Post by Katie Rosenthal
Our blog this week comes from Gereshk, a town 120km West of Kandahar in Afghanistan’s Helmand province. Helmand is a Taliban stronghold, and has seen much of the recent conflict between NATO and Taliban forces. Taliban control of the region has led to the severe repression of women with Physicians for Human Rights stating that “to PHR’s knowledge no other regime in the world has methodically and violently forced half of its population into brutal house arrest, prohibiting them on pain of physical punishment”.
In this dangerous and repressive environment dedicated individuals are fighting for women’s rights. Many women are risking their lives to help to provide an education, rights and safety for themselves and other women. Gulalia Sherzad built up and runs a women’s centre in Gereshk, which functions as a refuge, and a place for women to meet and relax in each other’s company. The centre also runs workshops on human rights, and provides lessons for women who attend. It provides shelter for women who are facing violence and repression on a daily basis, who would otherwise only have jail as a place to go for their own safety.
Sherzad has recently spoken of a case to demonstrate the desperate need of the town’s women. A young woman fled to the shelter, escaping the threat of forced marriage into a family she was promised to as compensation after her brother murdered a family member. Sherzad explained that “when she said she didn’t want to marry she was beaten up and abused. She is 14.” The teenager is now staying at the shelter for her own protection.

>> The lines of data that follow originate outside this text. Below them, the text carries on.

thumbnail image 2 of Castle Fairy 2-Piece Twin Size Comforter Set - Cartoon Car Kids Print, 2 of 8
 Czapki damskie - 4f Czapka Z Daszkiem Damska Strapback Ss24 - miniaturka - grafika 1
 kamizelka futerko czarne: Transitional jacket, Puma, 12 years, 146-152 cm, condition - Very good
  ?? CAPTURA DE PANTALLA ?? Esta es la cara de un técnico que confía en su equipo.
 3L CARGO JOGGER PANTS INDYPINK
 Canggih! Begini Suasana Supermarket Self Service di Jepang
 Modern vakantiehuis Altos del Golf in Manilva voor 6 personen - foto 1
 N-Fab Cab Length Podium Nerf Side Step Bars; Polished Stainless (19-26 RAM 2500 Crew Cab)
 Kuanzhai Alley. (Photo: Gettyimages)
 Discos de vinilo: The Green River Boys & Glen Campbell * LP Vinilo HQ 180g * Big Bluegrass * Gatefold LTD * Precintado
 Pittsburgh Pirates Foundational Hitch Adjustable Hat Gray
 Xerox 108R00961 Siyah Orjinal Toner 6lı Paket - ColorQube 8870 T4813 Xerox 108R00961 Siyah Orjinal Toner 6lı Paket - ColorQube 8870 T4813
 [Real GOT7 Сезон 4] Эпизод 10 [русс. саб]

Sherzad’s own life has been threatened on many occasions, notably when a roadside bomb was planted outside her house by the husband of a woman she had helped. Of the prospects for women in her country Sherzad says “women are still second class citizens in Afghanistan”, although things are slowly improving in urban areas.
Despite the danger to their own livez, Sherzad and others like her continue to work for equality and an end to violence against women in Afganistan. Change will come slowly, and relies on the financial, moral and emotional support of those inside and outside the country.